Bencillik, kişisel çıkara odaklanan kişinin, başkalarını görmezden gelerek kendi çıkarlarını her zaman ve her durumda ön planda tuttuğu bir davranış biçimidir. Yani başkalarının iyiliğini veya ihtiyaçlarını dikkate almadan kendini ve çıkarlarını önemsemesi, düşünmesi anlamına gelir.
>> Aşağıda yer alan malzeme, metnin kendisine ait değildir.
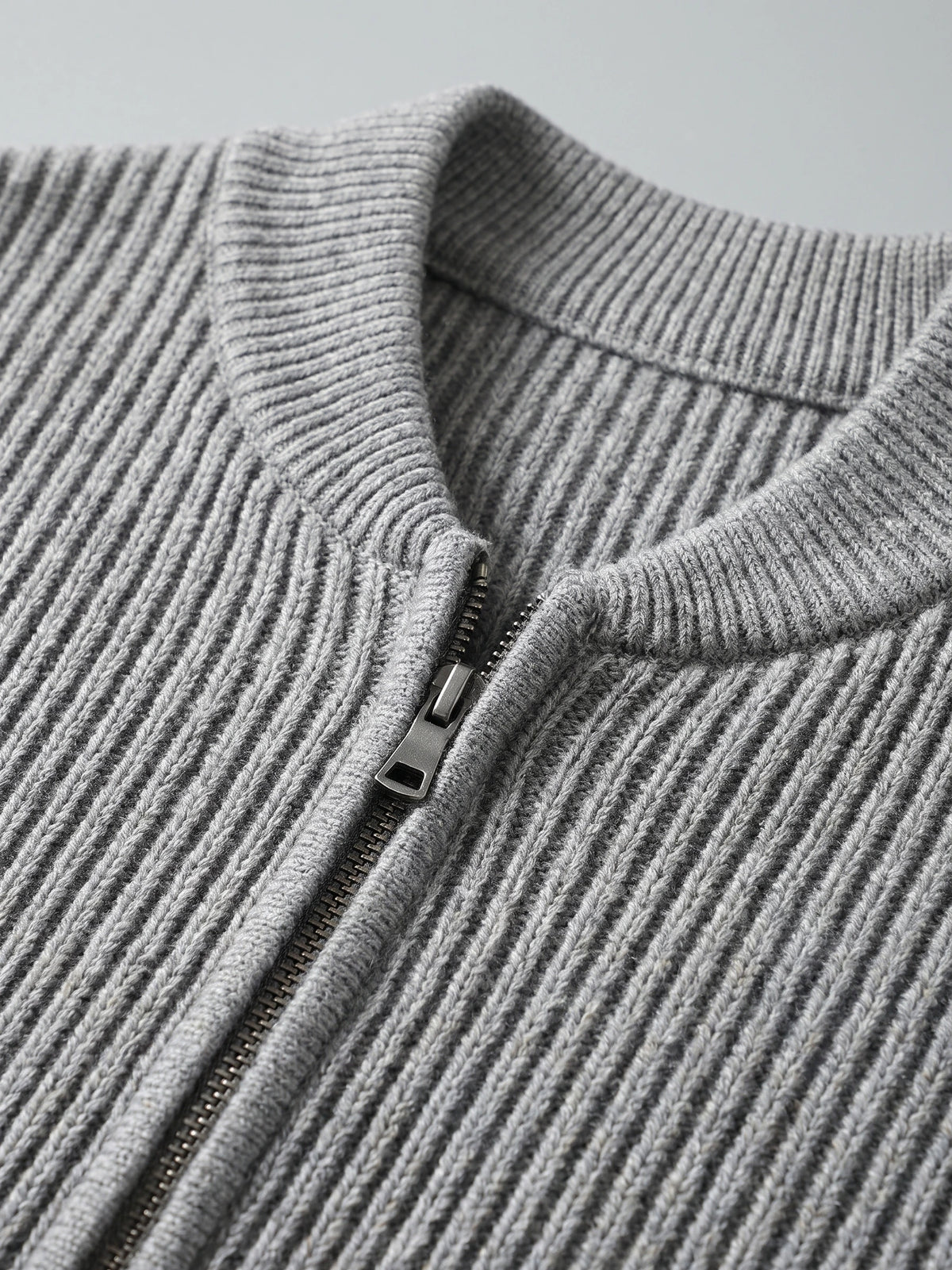 Close-up of the Gray men's zip up cardigan showing its ribbed knit stand collar and front zipper.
İnsanlar özellikle bazı zor zamanlarda doğal olarak ben merkezli davranışlar sergileyebilirler. Ancak sık ve yoğun biçimde bu davranışları sergilemek bencilliğin sizin davranış biçiminiz ve tarzınız olduğunu gösterir. Bu da insanın yaradılış amacına ve erdemlerine ters düşen ve hiç de insani olmayan bir tutumdur. Çünkü bencil insan şahsi düşünür ancak şahsiyet konusunda eksiktir. Nankör ve vefasızlık özelliklerine sahiptir. Minnet ve şükran duygusu eksiktir. Tam bir ‘ben’ tiryakisi olmuşlardır. Kibir göbek adları olmuştur. Sadece kendi sınırları vardır. Ödün vermeyi asla sevmezler. Sizin istek ve ihtiyaçlarınızın onlar için hiçbir önemi yoktur. Çünkü ego merkezli düşünce yapısına sahiptirler. Yaşadığımız toplumda bu tip insanlar oldukça çoğaldı. ‘Gemisini kurtaran kaptan’ anlayışı her geçen gün daha da revaçta görülmeye başlandı. İnsanlar kendilerinden başka hiç kimseyi düşünmez oldu. Oysaki yaşadığımız coğrafya yardımlaşmanın, hoşgörünün, empatinin merkezi durumundadır. Yüzlerce yıldır imece denen bir yardımlaşma geleneği hala devam etmektedir. Nitekim gerek dini inançlarımız gerek yaşadığımız coğrafyanın demografik yapısı, kültürümüz, örflerimiz yüzlerce yıldır bize bunu öğütledi. Şimdi ne oldu da bu kadar bencil enaniyet duygusu toplumda egemen kılındı. Bencilliğin bir ilaçlı tedavisi yok. Ancak manevi bir terbiye ile çocukluktan, aile ve okul aracılığıyla önüne geçilebilir. Paylaşımın ne kadar önemli ve insana huzur veren bir davranış olduğu gerçeği çocuklarımıza aşılanırsa gelecek nesiller daha az bencil olacaktır. Bu çok önemlidir. Çünkü bencil insan ilgisiz, üzüntü duymayan, asalak, suçluluk hissetmeyen, keşke demeyen, anti sosyal kişilik bozukluğuna yatkın insanlardır. Bu da bir toplum için oldukça tehlikeli bir durumdur. Bir ülkede toplumsal dayanışma olmazsa o ülkenin devamlılığı zora girer ve geleceği tartışılır bir hal alır. Dost gemileri limanda demirli kalır. Bir türlü denize açılamaz.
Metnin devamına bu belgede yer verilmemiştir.